▶ **Exercise prompt**
Go through the following data and transcribe exactly the stretch of lines from the one holding "Gülümseyen Asyalı kız" to the one holding "Girl in cloak", both included.

▶ **Data for the task**
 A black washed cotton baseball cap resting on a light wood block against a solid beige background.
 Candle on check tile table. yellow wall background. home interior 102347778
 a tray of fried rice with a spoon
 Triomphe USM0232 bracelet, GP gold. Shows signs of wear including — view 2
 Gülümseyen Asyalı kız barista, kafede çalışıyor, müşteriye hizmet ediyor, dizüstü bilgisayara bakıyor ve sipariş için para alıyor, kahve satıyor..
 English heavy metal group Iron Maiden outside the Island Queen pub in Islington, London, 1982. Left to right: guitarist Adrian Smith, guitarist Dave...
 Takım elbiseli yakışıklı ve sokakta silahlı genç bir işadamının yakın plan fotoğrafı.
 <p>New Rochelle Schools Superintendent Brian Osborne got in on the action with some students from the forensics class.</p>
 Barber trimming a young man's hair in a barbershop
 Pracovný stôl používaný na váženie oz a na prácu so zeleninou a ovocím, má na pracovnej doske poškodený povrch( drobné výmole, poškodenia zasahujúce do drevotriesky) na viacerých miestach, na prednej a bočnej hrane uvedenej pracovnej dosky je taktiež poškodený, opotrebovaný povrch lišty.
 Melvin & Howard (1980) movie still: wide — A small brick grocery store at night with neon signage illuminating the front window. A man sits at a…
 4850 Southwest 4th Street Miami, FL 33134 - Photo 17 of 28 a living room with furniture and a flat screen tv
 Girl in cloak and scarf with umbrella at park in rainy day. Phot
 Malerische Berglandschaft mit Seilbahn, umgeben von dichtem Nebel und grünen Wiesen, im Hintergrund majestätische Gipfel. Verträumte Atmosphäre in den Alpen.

▶ **Output below**
 Gülümseyen Asyalı kız barista, kafede çalışıyor, müşteriye hizmet ediyor, dizüstü bilgisayara bakıyor ve sipariş için para alıyor, kahve satıyor..
 English heavy metal group Iron Maiden outside the Island Queen pub in Islington, London, 1982. Left to right: guitarist Adrian Smith, guitarist Dave...
 Takım elbiseli yakışıklı ve sokakta silahlı genç bir işadamının yakın plan fotoğrafı.
 <p>New Rochelle Schools Superintendent Brian Osborne got in on the action with some students from the forensics class.</p>
 Barber trimming a young man's hair in a barbershop
 Pracovný stôl používaný na váženie oz a na prácu so zeleninou a ovocím, má na pracovnej doske poškodený povrch( drobné výmole, poškodenia zasahujúce do drevotriesky) na viacerých miestach, na prednej a bočnej hrane uvedenej pracovnej dosky je taktiež poškodený, opotrebovaný povrch lišty.
 Melvin & Howard (1980) movie still: wide — A small brick grocery store at night with neon signage illuminating the front window. A man sits at a…
 4850 Southwest 4th Street Miami, FL 33134 - Photo 17 of 28 a living room with furniture and a flat screen tv
 Girl in cloak and scarf with umbrella at park in rainy day. Phot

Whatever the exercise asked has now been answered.